Most people, he maintained, are asleep. They need to wake up, open up their eyes, see what is real, both inside and outside of themselves. The greatest human gift is to be aware, to be in touch with oneself, one’s body, mind, feelings, thoughts, sensations.

Here are some of his typical challenges:
Come home to yourself!
Come back to your senses! Do you hear that bird sing?
How can you hear the song and not hear the singer?
How can you see the wave and not see the ocean?
How can you see the dance and not see the dancer?”

Sounds like he was my kind of religious transgressive.

___
Thank you Whiskey River for the quote at the top.

4 Replies to “Aware, Aware, Aware”

  1. marie danti says:

    I’m so glad I found this blog! You bring up so many of my favorite topics.

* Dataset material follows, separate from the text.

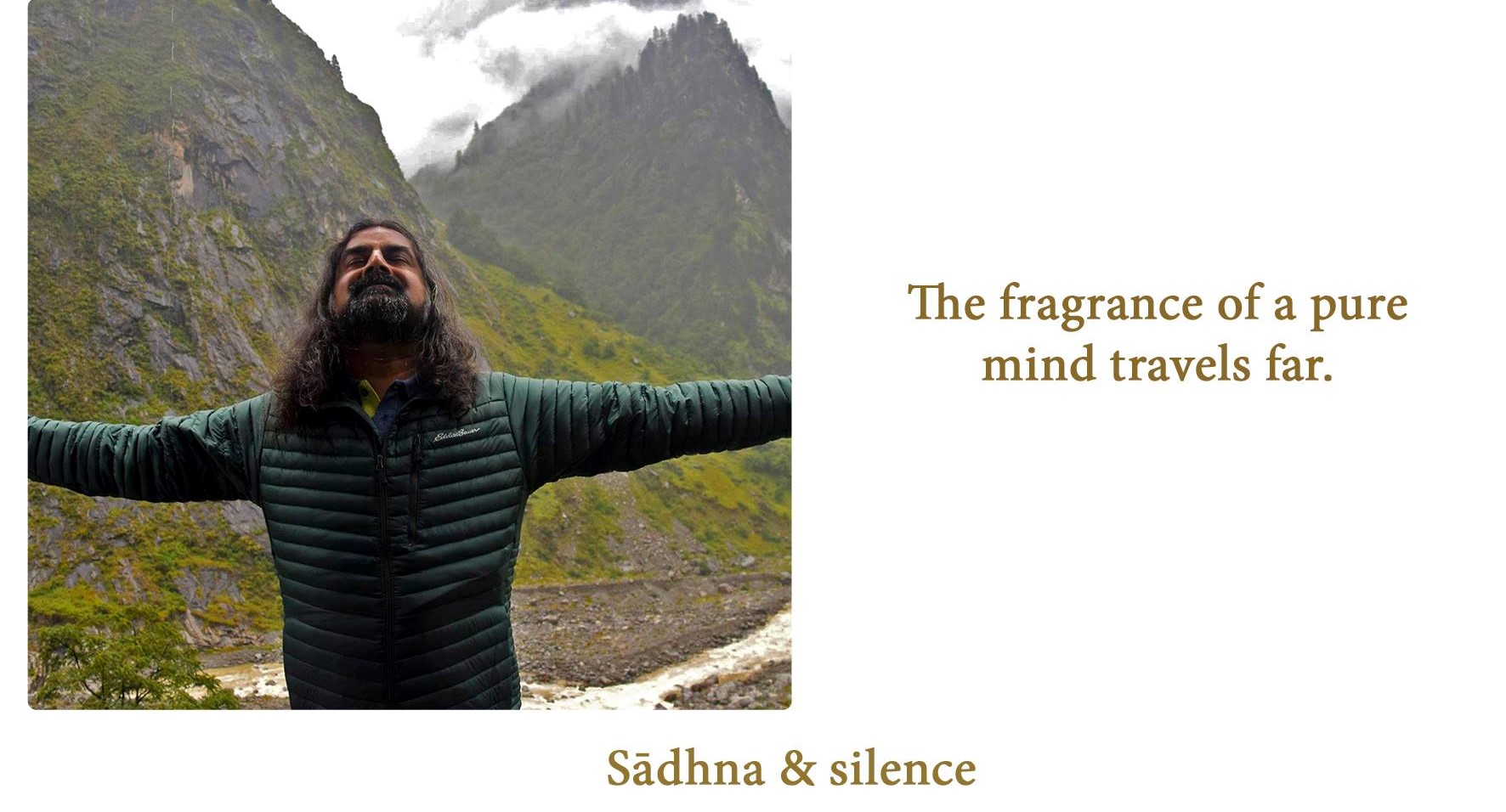 "The fragrance of a pure mind travels far."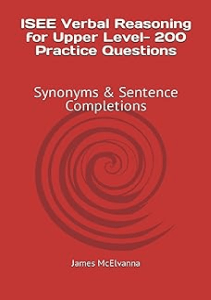 AMAZING BOOK ISEE Verbal Reasoning for Upper Level 200 Practice Questions Synonyms Sentence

    I was lucky enough to go to two DeMello retreats in Denver in the ’80’s.
    He was a very tall man, always with a ready smile. The first retreat he opened by saying “The bible is a fairy tale!”. I suppose he was subversive to the Catholic church in that he discouraged the literal belief in concepts and encouraged the questioning of everything. His perspective certainly changed my faith (for the better).

  2. Thank you for your comments Marie. I would have loved to have met him.

  3. Excellent post. I’ve read a bit of de Mello and liked what he had to say.

    I always find it so fascinating what people determine to be “harmful”. We’ve had our own cases here in Virginia of reading matter found “harmful” to young minds. And then there’s Texas. . .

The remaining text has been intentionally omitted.